• **Exercise instructions**: Set down the full listing below word for word; pictures stay out of the copy.
⟨
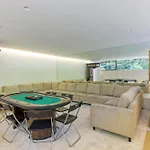 Luxurious 1000m2 With Garden And Pool Brussel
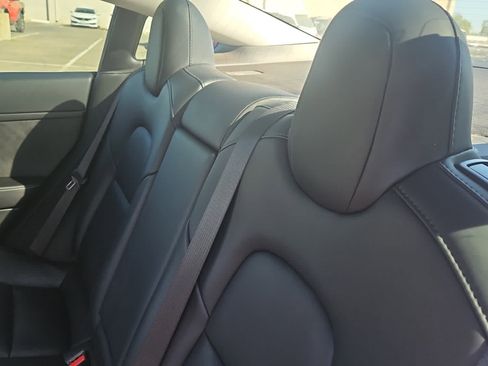 Used 2023 Tesla Model 3 Standard Range image 12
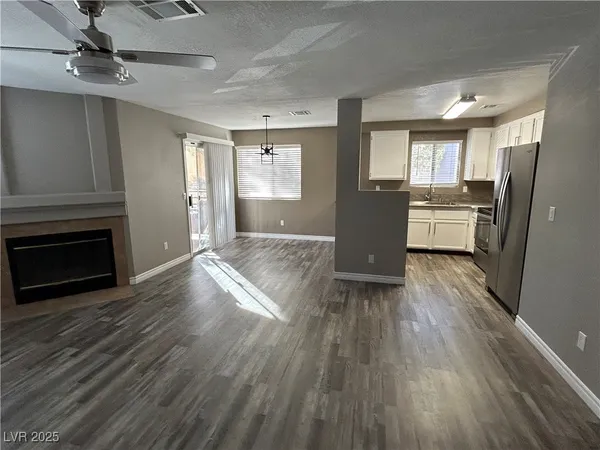 $1,425 | 6873 Tamarus Street, Unit 201, Las Vegas, NV 89119
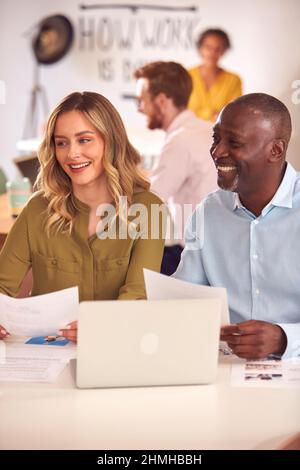 Groupe de collègues d'affaires ayant une réunion informelle autour de la table dans le café du bureau Banque D'Images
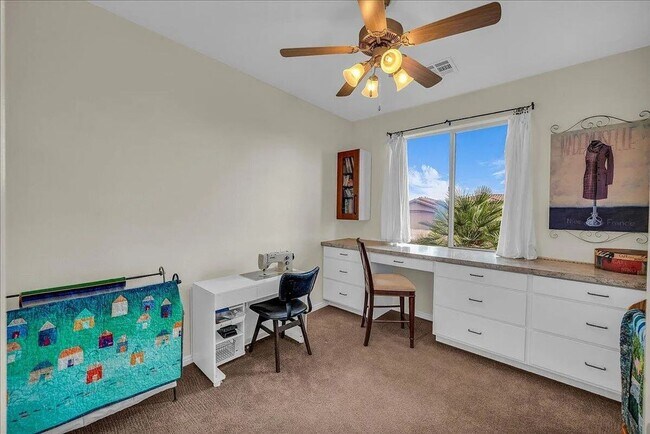 Building Photo - Single Level 3 Bedroom Home with Red Rock ...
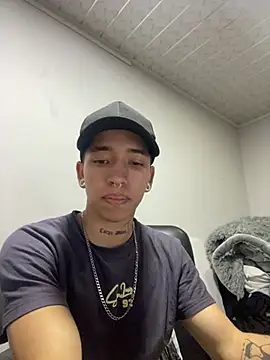 iamcloe 11 online show from December 21, 2024, 8:43 pm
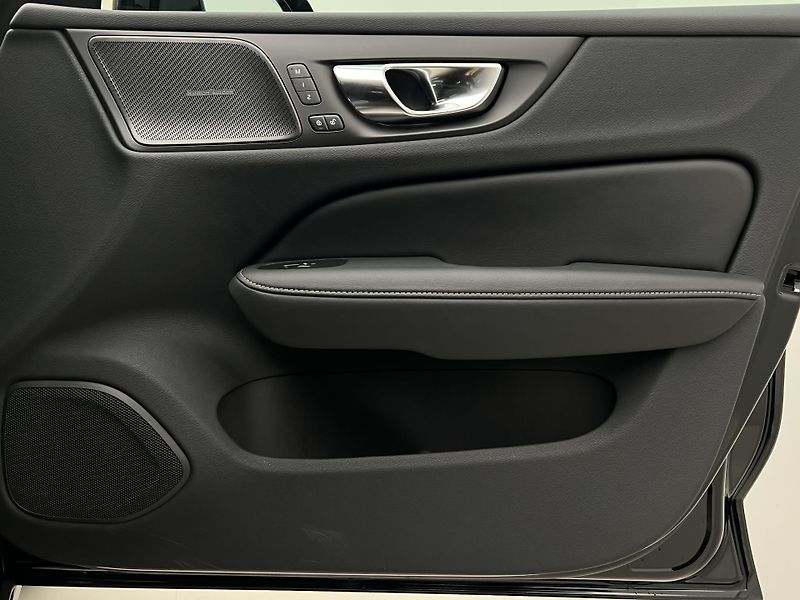 Volvo V60 B4 PLUS DARK PANORAMA - fotka 26 z 49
⟩
• **Reply to the task**:
 Luxurious 1000m2 With Garden And Pool Brussel
 Used 2023 Tesla Model 3 Standard Range image 12
 $1,425 | 6873 Tamarus Street, Unit 201, Las Vegas, NV 89119
 Groupe de collègues d'affaires ayant une réunion informelle autour de la table dans le café du bureau Banque D'Images
 Building Photo - Single Level 3 Bedroom Home with Red Rock ...
 iamcloe 11 online show from December 21, 2024, 8:43 pm
 Volvo V60 B4 PLUS DARK PANORAMA - fotka 26 z 49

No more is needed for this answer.